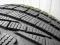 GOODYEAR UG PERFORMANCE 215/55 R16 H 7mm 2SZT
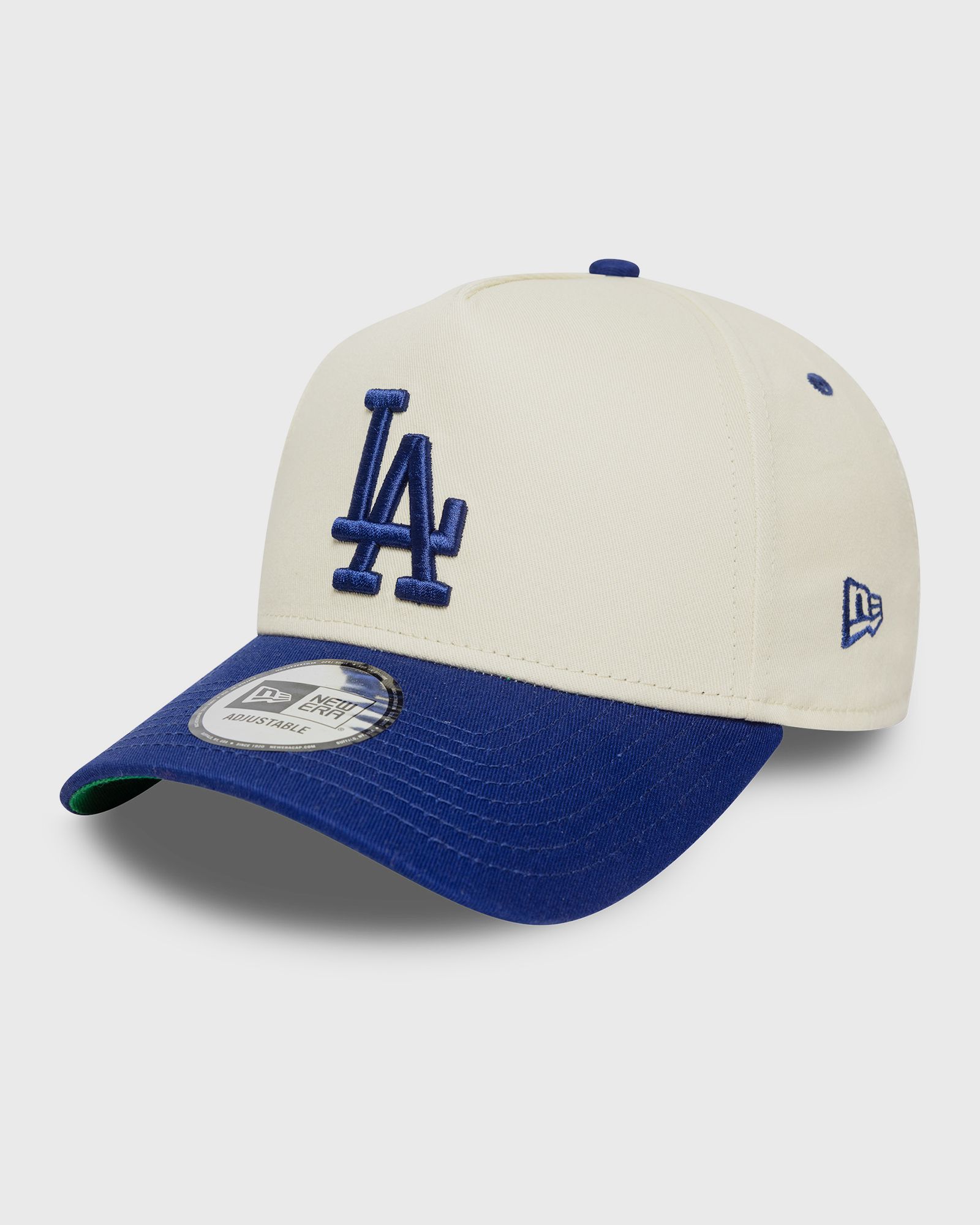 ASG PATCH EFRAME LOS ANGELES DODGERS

--

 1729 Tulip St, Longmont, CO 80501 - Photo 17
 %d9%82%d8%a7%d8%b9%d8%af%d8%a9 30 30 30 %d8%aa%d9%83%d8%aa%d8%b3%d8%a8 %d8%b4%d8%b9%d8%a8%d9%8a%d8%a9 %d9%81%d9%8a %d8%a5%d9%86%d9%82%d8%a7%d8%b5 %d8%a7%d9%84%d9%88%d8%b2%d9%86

= Task item =
Within the data above, the span starting at the line containing "1729 Tulip St, Longmont, CO 80501 - Photo 17" and ending at the line containing "30 30 %d8%aa%d9%83%d8%aa%d8%b3%d8%a8" is to be retyped exactly, with no other lines.

= Answer for this exercise =
 1729 Tulip St, Longmont, CO 80501 - Photo 17
 %d9%82%d8%a7%d8%b9%d8%af%d8%a9 30 30 30 %d8%aa%d9%83%d8%aa%d8%b3%d8%a8 %d8%b4%d8%b9%d8%a8%d9%8a%d8%a9 %d9%81%d9%8a %d8%a5%d9%86%d9%82%d8%a7%d8%b5 %d8%a7%d9%84%d9%88%d8%b2%d9%86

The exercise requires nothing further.